Yum! Brands, Inc. is a restaurant chain that specializes in quick-service restaurants that serve primarily Chinese and Mexican cuisine. Additionally, they are the owners of KFC, Pizza Hut, and Taco Bell. The company operated 36,714 restaurants in 118 countries and territories as of December 31, 2016. The company's headquarters are located in Louisville, Kentucky, at 1441 Gardiner Lane, adjacent to Louisville International Airport. David Novak and Roger Eaton founded the company in 1978. 


Additionally, Yum! owns several non-fast food brands, including East Dawning and Little Sheep Hot Pot. Yum! Brands have grown to be one of the most popular brands on the market today, with locations spanning Asia and North America. This company operates over 36,000 restaurants worldwide, offering quick service and casual dining options. KFC operates nearly 18,000 restaurants in more than 120 countries. Over 1.5 million people visit KFC for breakfast, lunch, or dinner each day.

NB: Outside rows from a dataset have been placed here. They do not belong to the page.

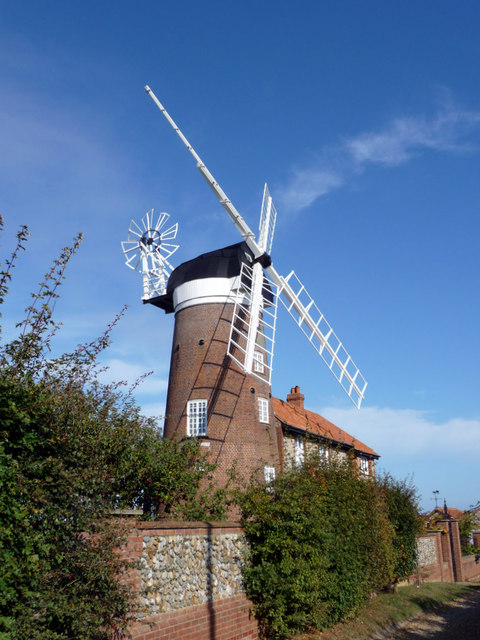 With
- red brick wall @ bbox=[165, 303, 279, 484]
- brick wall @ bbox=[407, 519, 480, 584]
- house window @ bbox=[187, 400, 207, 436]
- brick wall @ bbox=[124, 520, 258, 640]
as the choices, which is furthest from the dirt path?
house window @ bbox=[187, 400, 207, 436]

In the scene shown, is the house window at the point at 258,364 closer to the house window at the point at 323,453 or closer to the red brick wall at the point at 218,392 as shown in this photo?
the red brick wall at the point at 218,392

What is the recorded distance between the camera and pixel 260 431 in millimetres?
21891

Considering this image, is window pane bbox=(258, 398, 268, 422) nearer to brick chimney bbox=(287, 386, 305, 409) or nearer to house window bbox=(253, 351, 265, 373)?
house window bbox=(253, 351, 265, 373)

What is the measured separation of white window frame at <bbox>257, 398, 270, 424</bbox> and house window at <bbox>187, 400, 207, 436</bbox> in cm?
228

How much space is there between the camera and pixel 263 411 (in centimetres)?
2262

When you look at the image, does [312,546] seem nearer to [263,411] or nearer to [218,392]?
[218,392]

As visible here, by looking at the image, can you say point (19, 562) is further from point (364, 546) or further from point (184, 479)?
point (364, 546)

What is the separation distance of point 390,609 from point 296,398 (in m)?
15.8

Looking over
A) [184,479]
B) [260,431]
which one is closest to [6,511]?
[184,479]

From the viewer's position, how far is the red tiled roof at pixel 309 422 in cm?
2572

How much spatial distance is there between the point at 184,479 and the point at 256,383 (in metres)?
9.62

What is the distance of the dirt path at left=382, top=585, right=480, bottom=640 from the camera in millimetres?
14034

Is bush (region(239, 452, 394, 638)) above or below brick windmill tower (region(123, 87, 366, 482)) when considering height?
below

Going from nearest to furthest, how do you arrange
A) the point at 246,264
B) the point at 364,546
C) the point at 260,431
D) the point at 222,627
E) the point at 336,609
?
the point at 222,627
the point at 336,609
the point at 364,546
the point at 260,431
the point at 246,264
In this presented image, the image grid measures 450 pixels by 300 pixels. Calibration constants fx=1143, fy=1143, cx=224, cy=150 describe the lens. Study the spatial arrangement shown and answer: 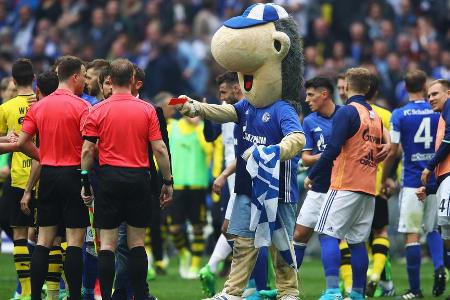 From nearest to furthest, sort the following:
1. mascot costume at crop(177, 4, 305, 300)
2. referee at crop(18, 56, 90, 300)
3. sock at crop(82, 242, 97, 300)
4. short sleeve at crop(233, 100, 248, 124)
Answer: mascot costume at crop(177, 4, 305, 300)
referee at crop(18, 56, 90, 300)
short sleeve at crop(233, 100, 248, 124)
sock at crop(82, 242, 97, 300)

The company is valued at more than 40.81 billion dollars on the open market. With the stock trading at approximately $139.19 (+0.88 percent), the company has enjoyed six consecutive years of growth, resulting in an impressive 10% average annual return.


Yum! Brands, Inc. (NYSE: YUM) earned $5.65 billion in the fiscal year 2017 on a gain of $904 million. Shares increased 43% last year and 54% over the last five years. That is due to the fact that Yum! It performed well in China, despite Covid-19 and the country's economic slowdown earlier this year.


Yum! Marcas is an excellent investment for anyone seeking exposure to the restaurant industry. The company has a strong presence in emerging and developed markets, with exposure to all three of the restaurant industry's key segments, which continue to grow at a rapid pace.

3. Darden Restaurants, Inc. (NYSE: DRI)

Darden may be the answer if investing in the food industry appeals to you, but you want to invest in a restaurant chain that is not exclusively focused on fast food.


Darden Restaurants, Inc. is the parent company of two upscale restaurant concepts: Eddie V's Prime Seafood and The Capital Grille.


Apart from these two restaurants, the company also owns six casual dining restaurants.


These casual restaurants include Olive Garden, Bahama Breeze, Longhorn Steakhouse, Seasons 52, Cheddar's Scratch Kitchen, and Yard House.


Despite the expected decline in the stock price in 2020 as a result of the pandemic lockdown, Darden Restaurants' stock price has been steadily increasing since 2018 and would be an excellent substitute for Subway.

Conclusion

Subway is not publicly traded or quoted on any stock exchange, as it is a private corporation that has not issued shares; the company generates revenue by selling franchises and charging franchisees royalties. Individuals may acquire subway locations, as each franchise is independently owned and operated.


In recent years, the battle for US dollars to eat out has intensified. The growth of restaurant businesses resulted in a fast increase in the number of establishments, which began to erode traffic to existing locations. The restaurant juggernauts described above continue to provide investors with strong returns and are among the best stocks to purchase right now.

FAQs

When is the Subway IPO?

Subway has not filed for an initial public offering, and it is unknown whether it will do so in the future.

Why is Subway Not Publicly Traded?

Without the assistance of outside funding, the company's success is assured.


Subway retains complete control over its direction and decisions by remaining privately owned.

How can I buy Subway stocks?

There is currently no direct way to purchase Subway stock. Alternatively, you can buy stock in a company such as Starbucks or McDonald's and invest in it.